2022-09-09杨文心江苏大学艺术学院

艺术品鉴 2022年21期
关键词:屏风图像绘画

杨文心(江苏大学艺术学院)

《重屏会棋图》(见图1)由五代十国时期著名的南唐宫廷画家周文矩所作,原作早已遗失,现可考证的宋人摹本馆藏于故宫博物院内。此幅横卷长70.5cm,宽40.2cm,描绘了南唐中主李璟与其兄弟景达、景遂以及景逷会棋对弈的生活场景。

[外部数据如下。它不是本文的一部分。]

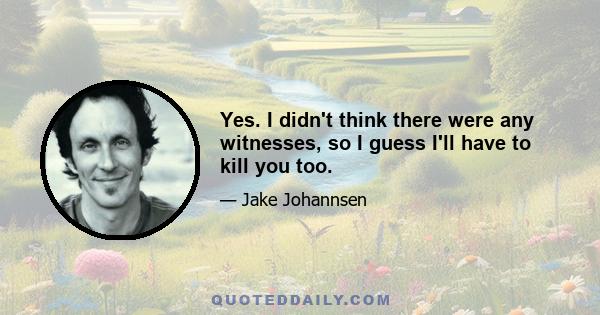 Yes. I didn't think there were any witnesses, so I guess I'll have to kill you too.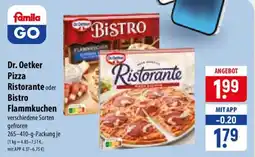 Famila Nord Ost Dr. Oetker Pizza Ristorante oder Bistro Flammkuchen Angebot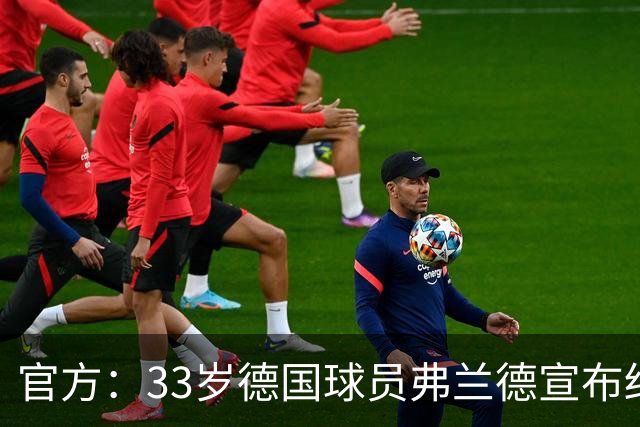 官方：33岁德国球员弗兰德宣布结束职业生涯，曾为德国队出场15次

“重屏”图像是该作品中最大的亮点之一,“画中画”的构成方式不仅丰富了画面的艺术语言,同时还提升了大众的观看体验,可谓是设计精妙,意趣极佳。周文矩(生卒年不详),南唐时期建康句容人士。曾任南唐宫廷画院侍诏之职,尤擅宫廷仕女及文人聚会题材。《图绘宝鉴》中曾有记载:“其行笔瘦硬战掣,盖学其主李重光画法。至画仕女,则无颤笔。大约体近周昉,而纤丽过之。”可见其绘画技法精湛,艺品非凡。《重屏会棋图》作为周文矩力拔头筹的传世之作,不仅展现出了那个时代特殊的绘画创作标准与贵族审美趣味,同时还开辟了中国画中空间营造的新视角,具有极强的艺术探究价值。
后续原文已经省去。